The Extended Power Uprate is projected to save over $100 million in fossil fuel costs during the first full year of service and $3.4 billion over the remaining licensed life of the units as well as reduce CO2 emissions by an estimated 33 million tons. In addition, the project improves grid stability by generating electricity where it is needed most.

Runner up: Entergy’s Waterford 3 Steam Electric Station, Steam Generator and Reactor Vessel Closure Head Replacement Project, Killona, La.

An integrated project team led by URS Corp. successfully replaced two steam generators and a reactor vessel closure head (RVCH) at Entergy’s Waterford 3 even as Hurricane Isaac caused the project site to be evacuated and the delivery of the replacement steam generators was delayed, which pushed back the start date of the outage.
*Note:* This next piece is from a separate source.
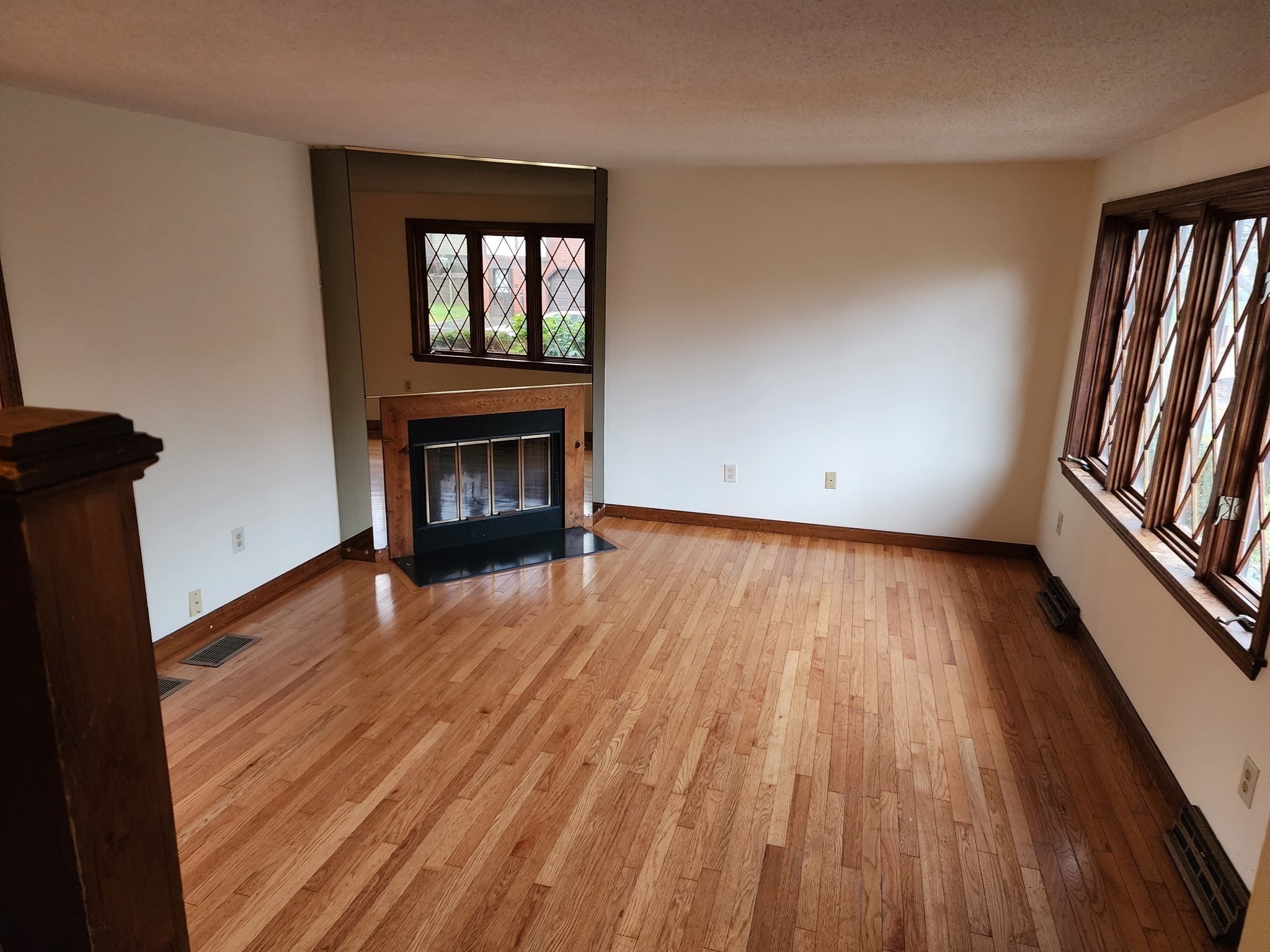 B7 Scotty Hollow Dr # B7 Property Photo 9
A lift system was required to accommodate 720T steam generators and a containment opening that required hydro blasting through approximately three feet of concrete and cutting a steel liner. An engineered temporary work platform (TWP) protected the discharge area of the safety-related cooling towers. The TWP, constructed between the cooling towers and the shield building wall to facilitate concrete removal, was designed and constructed to meet extreme loading and seismic requirements. A containment opening was used to rig, remove and replace the generators and RVCH.

The project was deferred 18 months because of delayed delivery of the replacement generators, so multiple major modifications had to occur at the same time as the generator replacements, requiring extensive coordination. The delay also meant the project faced significant resource challenges, so the team worked collaboratively to ensure appropriate resources were mobilized to support the outage. Hurricane Isaac occurred seven weeks before the outage start, during the height of extensive pre-outage work. An emergency team stayed onsite before the hurricane reached the area and secured the site to ensure the safety of personnel and equipment. Through aggressive planning and execution, the schedule was maintained.

Solar

SOLAR
SOLAR

Winner: Solar Electrification of 57 Remote Villages

Deep in the heart of Andhra Pradesh in southern India, hundreds of villagers huddled by candlelight to go about their nightly activities, many having never seen electricity in their lifetimes – until now. Premier Solar Systems electrified 57 of these remote villages with solar energy, and it was no easy task.

To reach each village, workers typically were forced to walk several kilometers through wilderness trails, cross rivers by boat, and then walk some more. A long line of workers carried equipment to each site on foot – one with a solar panel, the next carried a sack of bricks, then a roll of wire, a bag of nuts and bolts, batteries and so on. After several days of hauling, technicians, with help from the locals, would construct an 8-kilowatt (kW) solar array, and the villagers would finally see light.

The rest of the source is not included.